A music industry trade association representing Christian and Gospel labels is asking the FCC to treat FM and AM as two separate regulatory problems in its still-pending 2022 Quadrennial Review, holding the line on local commercial FM ownership caps while eliminating limits on how many AM stations a single entity may own within a given market.
In his filing, Christian Music Trade Association President Ed Leonard framed the dual ask as two sides of the same coin: protecting independent operators where they remain most active while giving struggling AM licensees the flexibility needed to survive a band where technical disadvantages and revenue erosion have already thinned the field.
The filing puts CMTA alongside the National Religious Broadcasters, which staked out similar ground in January. NRB argued then that FM consolidation would marginalize independent voices while AM deregulation would provide a financial lifeline to mission-driven operators whose continued presence in local markets has little to do with market efficiency.
On FM, CMTA leaned on iHeartMedia’s earlier comments, citing iHeart’s warning that loosening those caps would trigger mass AM divestiture as owners redirected capital toward FM acquisitions. iHeart cautioned that reshift would hollow out the financial underpinnings of AM station assets and fall hardest on women and minority owners.
Christian radio’s loyalty factor also played a role in the filing. Jacobs Media’s Techsurvey 2025 found 82% of Christian and Gospel radio listeners would recommend their favorite station to others, ahead of public radio at 66%, Contemporary Hits Radio at 55%, and Country at 52%. A separate 2025 Finney Media survey of nearly 12,000 Christian radio listeners found 93% cited liking worshipful Christian music as their primary reason for tuning in, 91% said the format helped them worship throughout the day, and 82% said they listened for encouragement.

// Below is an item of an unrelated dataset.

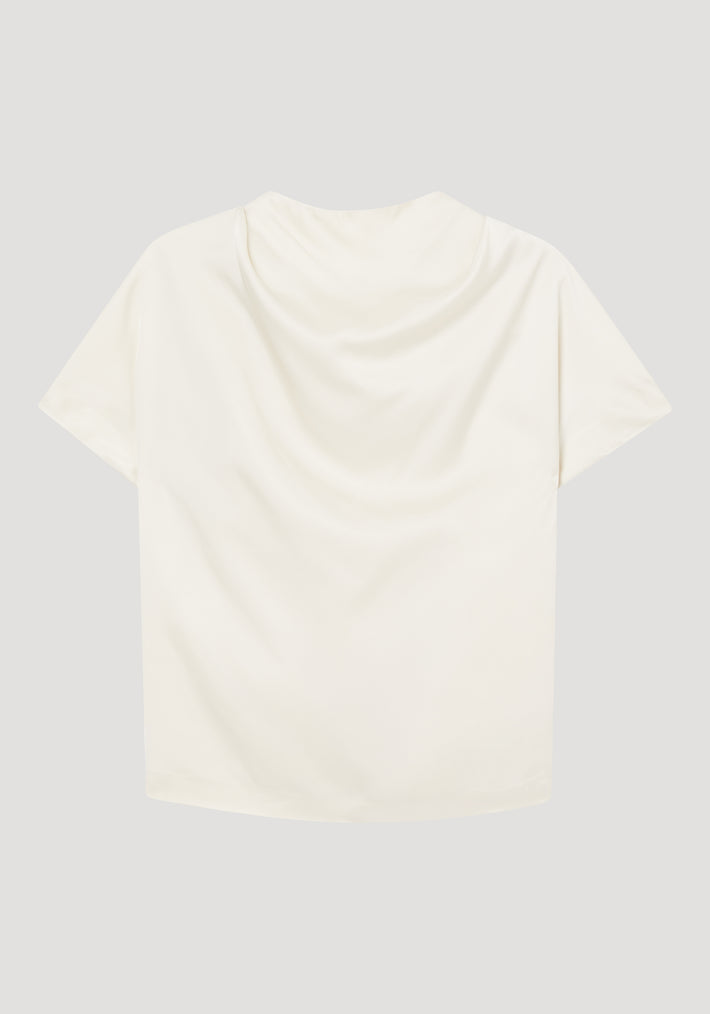 Cowl neck short sleeve top | pearl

CMTA also pointed to reporting by RBR+TVBR partner publication Radio Ink, detailing a survey of Liberty University students showing 41% of Gen Z respondents already tune in to Christian radio, offered as evidence that the format’s audience is not eroding at the pace broader terrestrial radio trends might suggest.
That matters, the filing argues, because independent commercial Christian and Gospel stations are already competing on multiple fronts at once: non-commercial religious clusters, large commercial FM clusters carrying up to five signals in major markets, and global streaming and satellite platforms. Further FM consolidation, CMTA contends, would only widen the competitive gap those independents face for local advertising dollars with no corresponding benefit to show for it.
The 2022 Quadrennial Review remains before the Commission with no apparent timeline for resolution.